**Exercise directions**. In the entries below, find the line containing "Ropa de algodón" and the line containing "119 Brandon Rd photo 1". Copy those two lines and everything between them exactly, without the pictures.

**Data for this exercise**.
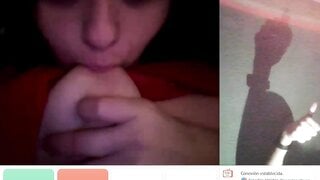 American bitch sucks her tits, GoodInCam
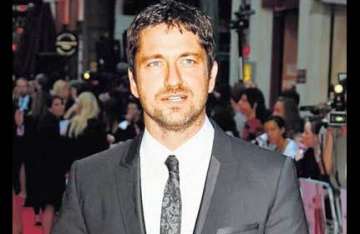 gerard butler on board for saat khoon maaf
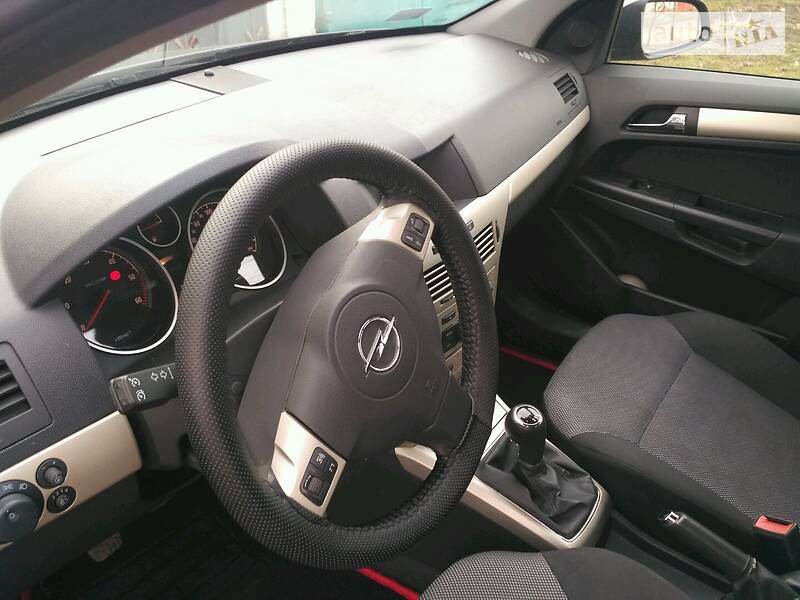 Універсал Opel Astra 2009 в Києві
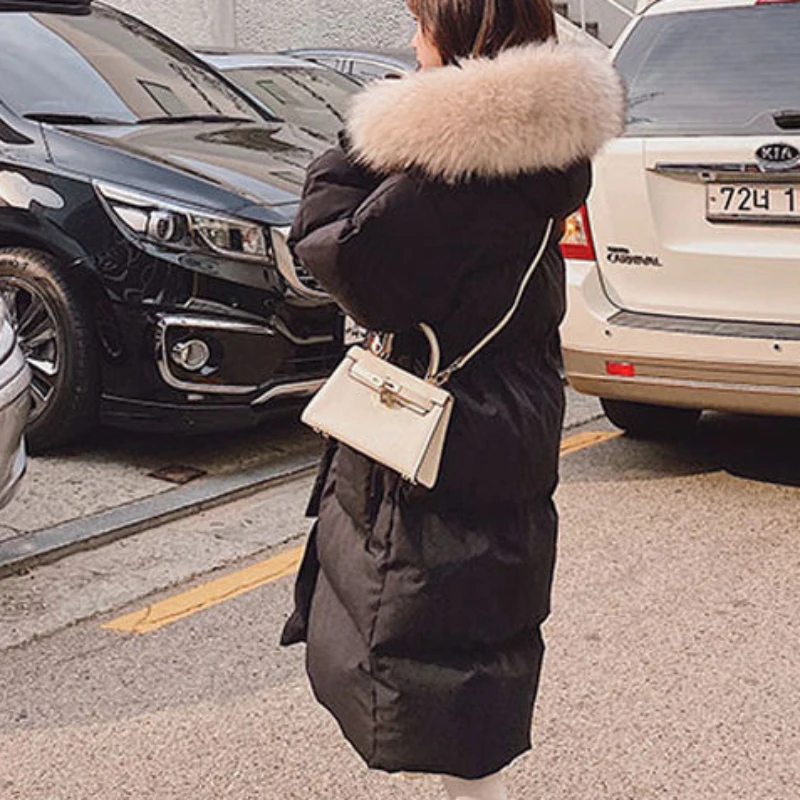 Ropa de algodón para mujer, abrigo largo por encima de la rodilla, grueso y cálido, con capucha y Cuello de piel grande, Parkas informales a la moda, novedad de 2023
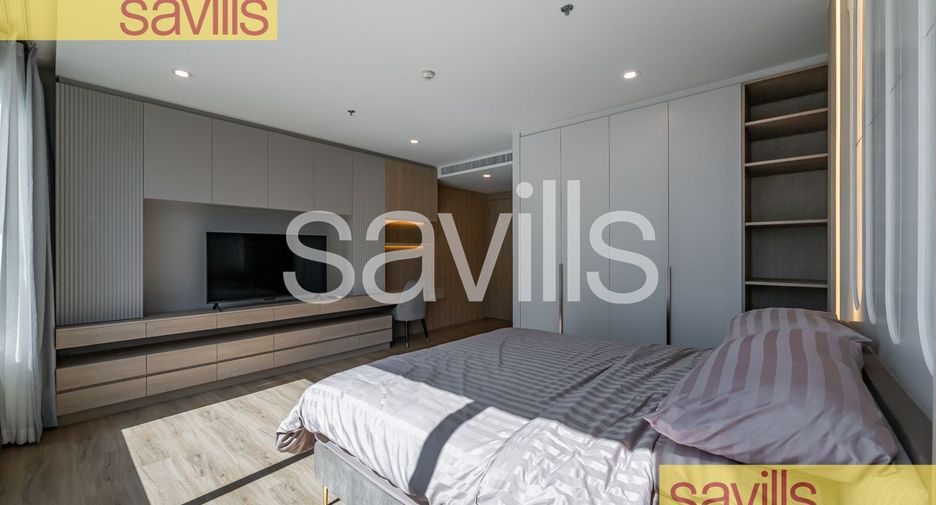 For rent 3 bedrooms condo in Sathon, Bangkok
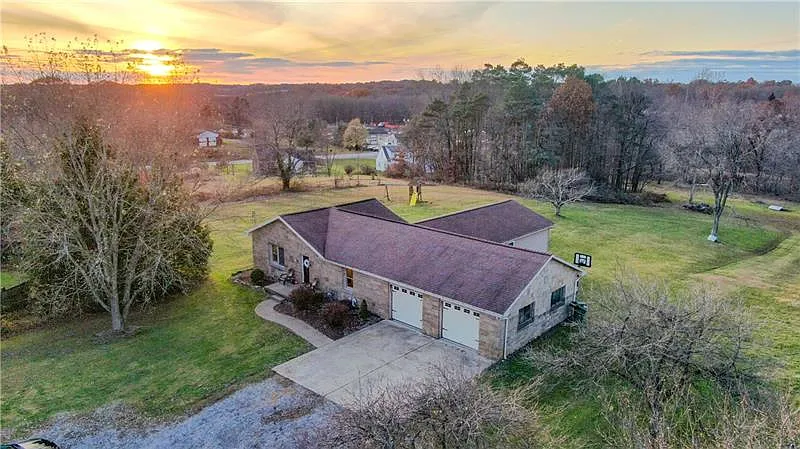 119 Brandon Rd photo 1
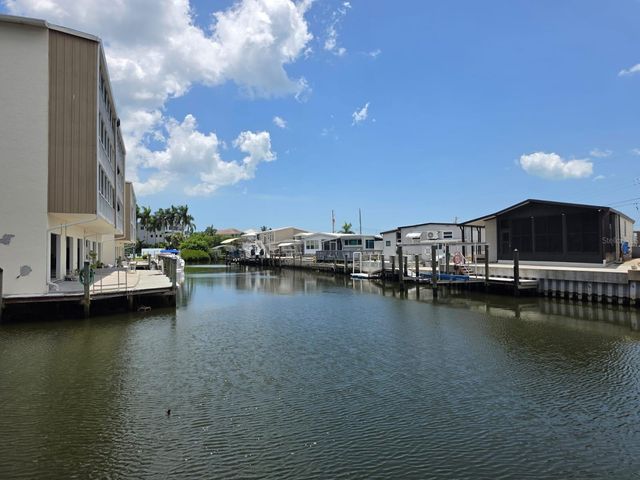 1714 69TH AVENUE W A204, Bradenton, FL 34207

**Solution to the problem**.
 Ropa de algodón para mujer, abrigo largo por encima de la rodilla, grueso y cálido, con capucha y Cuello de piel grande, Parkas informales a la moda, novedad de 2023
 For rent 3 bedrooms condo in Sathon, Bangkok
 119 Brandon Rd photo 1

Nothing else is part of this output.